I più cinici magari diranno che questa che segue è la cronaca di un capolavoro annunciato. E forse, col senno di poi, è davvero così, e la serie tv The Last of Us, almeno per noi, era davvero destinata a diventare il nuovo show di punta della HBO. D’altronde da queste parti, così come in altri lidi in passato, non abbiamo mai nascosto la nostra passione per i videogiochi dei californiani Naughty Dog: ovvero la software house che più di tutti negli ultimi 15 anni, prima con la saga di Uncharted e poi con quella di The Last of Us, ha coniugato in modo brillante il divertimento e il coinvolgimento dei migliori action adventure con un certo tipo di narrazione da blockbuster hollywodiano e vette di poesia e lirismo da cinema d’autore.
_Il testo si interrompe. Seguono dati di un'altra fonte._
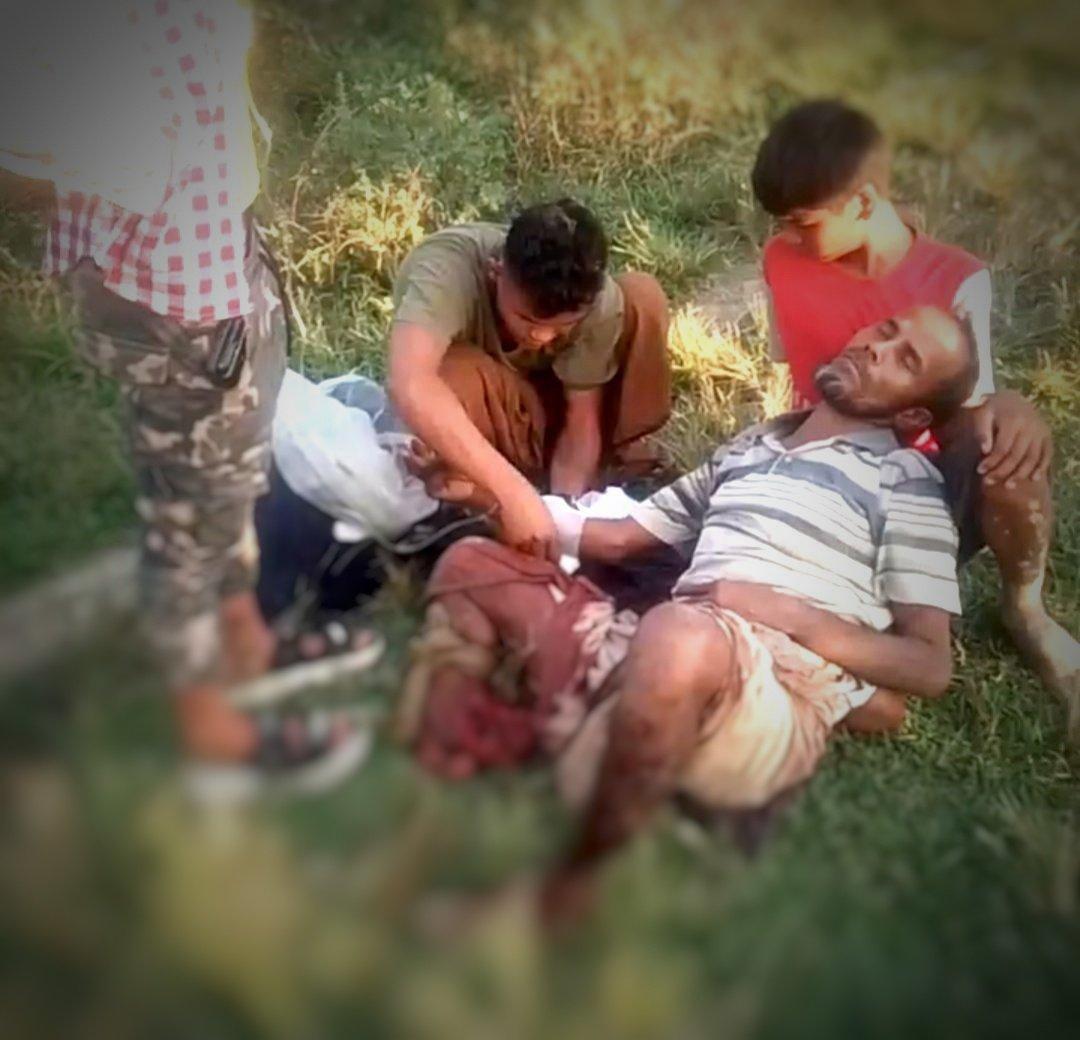 SRsuhelrana's tweet image. A #Rohingya man, Abula Shim (55) from Gan Chaung North Village, in Maungdaw township, was severely injured after stepping on a landmine allegedly planted by the Buddhist AA terrorists at around 4:00 PM on Nov 17.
Proprio per questo motivo, l’attesa era spasmodica e l’asticella altissima. Poiché già nel gioco originale del 2013 – e ancor di più nel suo sequel del 2020 o nel remake pubblicato solo pochi mesi fa – l’aspetto narrativo e le caratterizzazioni sia dei personaggi che delle ambientazioni erano assolutamente perfette e ricchissime di profondità e sfumature; e quindi la semplice verità è che sarebbe stato molto più facile sbagliarlo, questo adattamento, invece che azzeccarlo in pieno come poi è stato. E infatti i primi approcci tentati anni fa, con un unico film inizialmente affidato a una leggenda dell’horror quale Sam Raimi, dimostravano fin da subito di non aver realmente capito – come d’altronde era stato, fino ad ora, per tutti gli adattamenti da videogiochi, sia su piccolo che su grande schermo – quale fosse il vero spirito di questa storia. Di non aver mai realmente compreso cosa avesse attratto e affascinato i videogiocatori al punto tale di aver fatto vivere loro un’esperienza tanto forte, se non addirittura più intensa, di quella di romanzi o film ben più celebri.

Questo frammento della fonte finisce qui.